Di tengah gelombang transformasi digital dan adopsi kecerdasan buatan (AI), laporan ini mengungkap kenyataan pahit: AI tak hanya membuka peluang, tetapi juga menciptakan kompleksitas baru yang memperbesar risiko keamanan siber. Bahkan, 91% organisasi di Indonesia mengalami insiden keamanan terkait AI sepanjang tahun lalu.

“Kita sedang menghadapi risiko baru yang belum pernah terjadi sebelumnya akibat adopsi AI yang masif. Namun, kesiapan keamanan organisasi masih tertinggal,” ujar Koo Juan Huat, Director of Cybersecurity, Cisco ASEAN.

AI: Sekaligus Solusi dan Sumber Ancaman

Meskipun 96% organisasi telah memanfaatkan AI untuk memahami dan mendeteksi ancaman, kesenjangan pengetahuan di internal organisasi masih besar. Hanya 68% karyawan dinilai memahami risiko keamanan yang ditimbulkan oleh AI, dan 65% memahami cara pelaku kejahatan siber mengeksploitasi teknologi ini.

Tak hanya itu, muncul fenomena Shadow AI — penggunaan AI tanpa pengawasan — yang menjadi perhatian besar. Sebanyak 55% organisasi mengaku tidak yakin mampu mendeteksi penggunaan AI tanpa izin, yang tentunya mengancam privasi dan keamanan data.
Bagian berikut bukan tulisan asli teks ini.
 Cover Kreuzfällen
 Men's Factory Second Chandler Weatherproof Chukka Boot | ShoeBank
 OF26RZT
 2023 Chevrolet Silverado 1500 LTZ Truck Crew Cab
Kondisi yang Rentan dan Kompleks

Kombinasi dari perangkat tidak dikelola, model kerja hybrid, dan framework keamanan yang kompleks membuat organisasi semakin rentan. Sekitar 92% organisasi mengaku mengalami peningkatan risiko karena akses jaringan dari perangkat yang tidak dikelola. Sementara itu, 84% lainnya merasa kesulitan merespons ancaman secara cepat karena harus menangani lebih dari 10 solusi keamanan yang berbeda.
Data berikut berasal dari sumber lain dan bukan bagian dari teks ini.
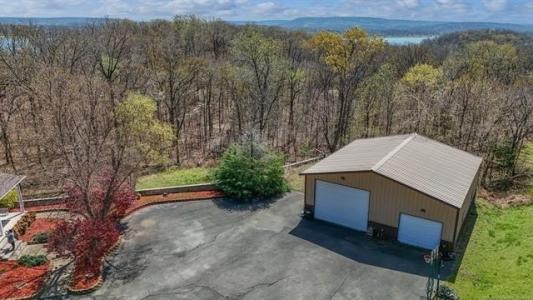 32548 S Cookson Bluff Road, Park Hill, Oklahoma 74451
Sayangnya, hanya 55% organisasi yang mengalokasikan lebih dari 10% anggaran TI mereka untuk keamanan siber, turun 11% dibandingkan tahun lalu—menunjukkan penurunan prioritas pada investasi penting ini.

“Kami melihat banyak organisasi masih berjuang dengan adopsi GenAI tanpa pengawasan dan keterbatasan tenaga ahli keamanan. Ini menegaskan pentingnya pendekatan baru terhadap keamanan siber—yang tidak hanya mengandalkan AI, tetapi juga menjamin keamanan AI itu sendiri,” jelas Marina Kacaribu, Managing Director Cisco Indonesia.

Krisis Talenta dan Investasi yang Tidak Seimbang

Kekurangan tenaga profesional keamanan siber juga menjadi hambatan utama. Sebanyak 95% organisasi menyebut kekurangan talenta sebagai tantangan besar, bahkan 66% di antaranya memiliki lebih dari 10 posisi keamanan yang belum terisi.

94% organisasi di Indonesia juga memperkirakan akan mengalami gangguan bisnis akibat insiden siber dalam 12–24 bulan ke depan jika tidak segera berbenah.


Rekomendasi Cisco: Perkuat Keamanan dengan Strategi Berbasis AI

Untuk menghadapi ancaman yang kian kompleks, Cisco merekomendasikan organisasi untuk:

  • Meningkatkan investasi pada solusi keamanan berbasis AI
  • Menyederhanakan infrastruktur keamanan demi respons yang lebih cepat
  • Mengelola risiko dari perangkat tidak dikelola dan Shadow AI
  • Menyusun strategi pelatihan dan rekrutmen talenta keamanan siber

“Ancaman digital akan terus berkembang. Organisasi perlu meresponsnya bukan hanya dengan teknologi, tetapi juga dengan pendekatan holistik, kolaboratif, dan berkelanjutan,” tutup Marina.